Prima di tutto il videogioco può essere un modo per creare una relazione con un utente, irraggiungibile attraverso gli strumenti ortodossi. Della serie: “Se la montagna non va da Maometto, Maometto va alla montagna”.

Infatti nella professione psicologica risulta fondamentale avvicinarsi all’Altro, potendo comunicare lo stesso linguaggio.

E il videogioco, in quanto tale, può costituire un valido alleato nell’intento di rapportarsi con un’utenza di un certo tipo, per esempio chi soffre di ritiro sociale.

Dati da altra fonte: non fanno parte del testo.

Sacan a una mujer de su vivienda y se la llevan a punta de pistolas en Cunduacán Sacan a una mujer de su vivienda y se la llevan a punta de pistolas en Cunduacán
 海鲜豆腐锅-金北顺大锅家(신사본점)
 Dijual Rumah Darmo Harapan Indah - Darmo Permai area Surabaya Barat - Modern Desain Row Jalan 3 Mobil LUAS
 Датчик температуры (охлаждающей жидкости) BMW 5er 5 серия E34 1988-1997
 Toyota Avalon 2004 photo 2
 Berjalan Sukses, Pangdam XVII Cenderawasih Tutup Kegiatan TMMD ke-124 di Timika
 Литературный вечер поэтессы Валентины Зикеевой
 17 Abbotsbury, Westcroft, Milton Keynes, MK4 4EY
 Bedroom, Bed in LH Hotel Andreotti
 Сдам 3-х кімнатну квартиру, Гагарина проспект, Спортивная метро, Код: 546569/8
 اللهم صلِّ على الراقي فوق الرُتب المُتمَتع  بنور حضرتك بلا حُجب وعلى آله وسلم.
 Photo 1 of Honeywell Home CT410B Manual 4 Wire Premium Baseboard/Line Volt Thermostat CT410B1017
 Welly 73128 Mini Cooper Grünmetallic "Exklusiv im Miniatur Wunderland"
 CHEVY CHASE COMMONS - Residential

Precedentemente il videogioco è stato accostato ai famosi test proiettivi. Con ciò non si vuole intendere che esso si possa sostituire ad un Rorschach o ad un Blacky, ma sicuramente per le sue caratteristiche

intrinseche permette al videogiocatore di investire una parte di sé all’interno di una narrazione o di identificarsi con un personaggio.

Ed è proprio su quest’ultima dimensione che vorrei porre l’accento.

Non costituisce una stranezza il fatto che i videogiocatori si identifichino con i personaggi dei loro videogames preferiti. Così come in un film o in un libro, anche in ambito videoludico accade lo stesso. Questa è una tendenza naturale dell’essere umano.

Le emozioni vissute da chi gioca, grazie alla trama, alla caratterizzazione psicologica dei protagonisti e alla grafica hanno la capacità di imprimere nella mente una traccia potentissima, che ha a che fare anche con la propria identità.

Ma in che modo le dimensioni identitarie possono confluire all’interno di un videogame?

Secondo James Paul Gee (2007) esistono tre categorie identitarie: un’identità nel mondo reale, un’identità virtuale ed un’identità proiettiva.

L’identità nel mondo reale combacia con il soggetto in carne ed ossa, che vive e agisce appunto nella realtà.

Questa forma di identità però non costituisce l’unica possibile e gli addetti ai lavori sanno bene quanto all’interno del costrutto di identità possano confluire una serie di aspetti complessi e variegati.

Innanzitutto la realtà fisica si traduce in una miriade di piccoli dettagli come il sesso, il colore degli occhi o dei capelli.

Sono questi aspetti a influire e a venire influenzati dall’esperienza videoludica.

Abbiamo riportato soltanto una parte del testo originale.